> The task
For the entries below, print exactly the lines between the line holding "SEPTWOLVES | Áo" and the line holding "Comfy Train Themed", inclusive, and nothing else.

> Extracted information
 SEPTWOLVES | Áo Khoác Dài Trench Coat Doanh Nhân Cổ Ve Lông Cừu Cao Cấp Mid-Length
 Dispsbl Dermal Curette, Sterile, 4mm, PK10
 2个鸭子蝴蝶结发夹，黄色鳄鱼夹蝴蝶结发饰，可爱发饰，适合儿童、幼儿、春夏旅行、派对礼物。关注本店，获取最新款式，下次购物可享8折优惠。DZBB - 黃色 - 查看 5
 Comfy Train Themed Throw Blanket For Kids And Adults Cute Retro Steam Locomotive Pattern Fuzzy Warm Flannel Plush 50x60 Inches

==

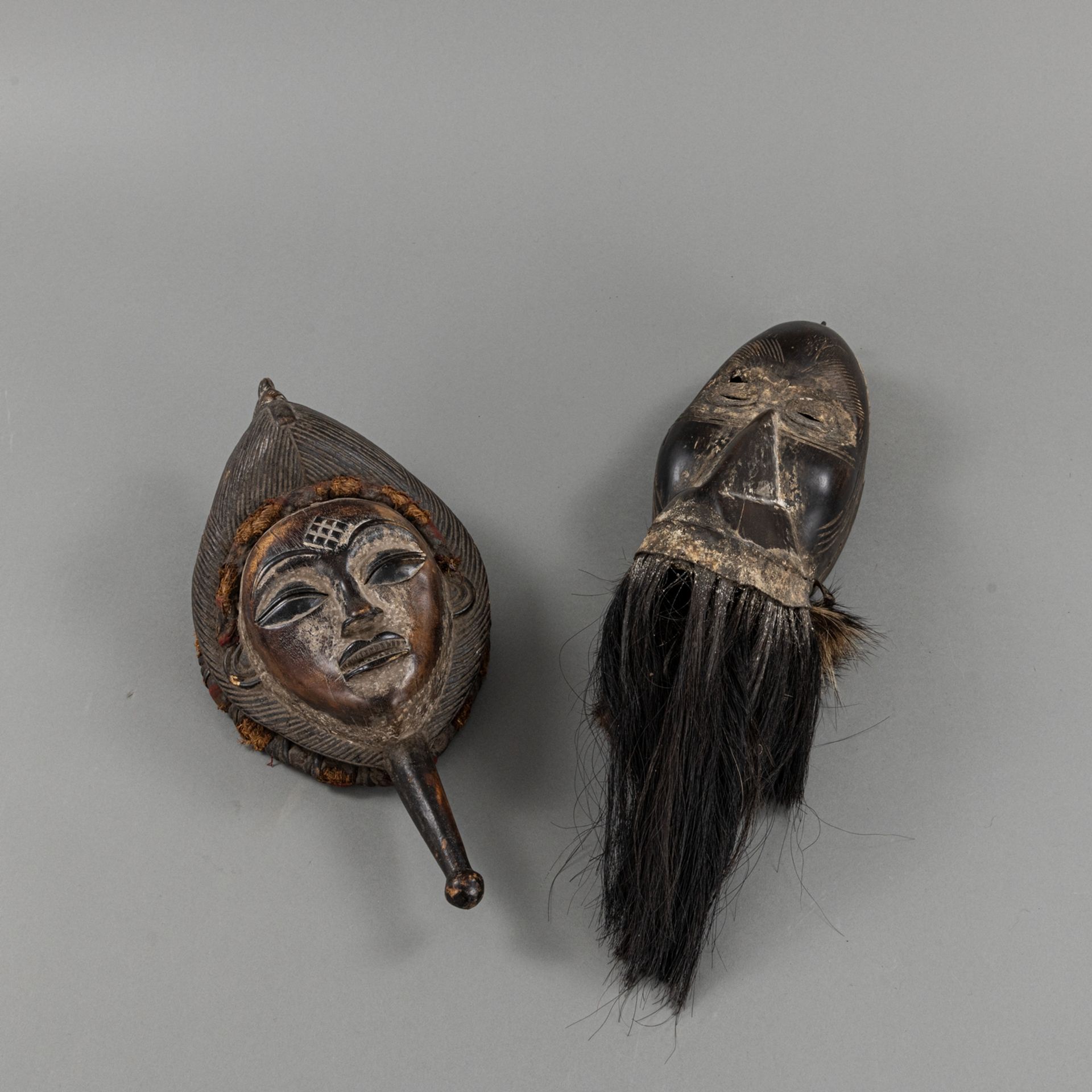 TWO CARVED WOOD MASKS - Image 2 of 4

--

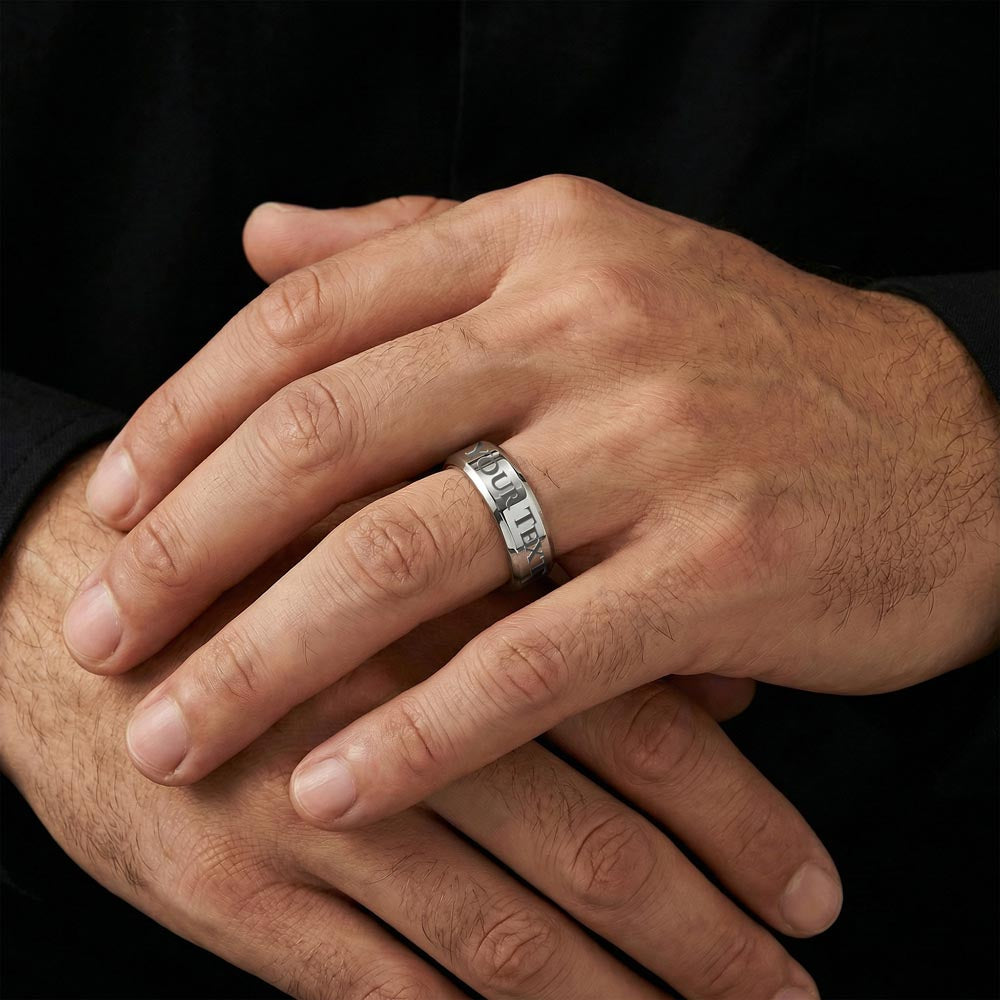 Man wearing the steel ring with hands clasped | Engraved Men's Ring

> Answer section
 SEPTWOLVES | Áo Khoác Dài Trench Coat Doanh Nhân Cổ Ve Lông Cừu Cao Cấp Mid-Length
 Dispsbl Dermal Curette, Sterile, 4mm, PK10
 2个鸭子蝴蝶结发夹，黄色鳄鱼夹蝴蝶结发饰，可爱发饰，适合儿童、幼儿、春夏旅行、派对礼物。关注本店，获取最新款式，下次购物可享8折优惠。DZBB - 黃色 - 查看 5
 Comfy Train Themed Throw Blanket For Kids And Adults Cute Retro Steam Locomotive Pattern Fuzzy Warm Flannel Plush 50x60 Inches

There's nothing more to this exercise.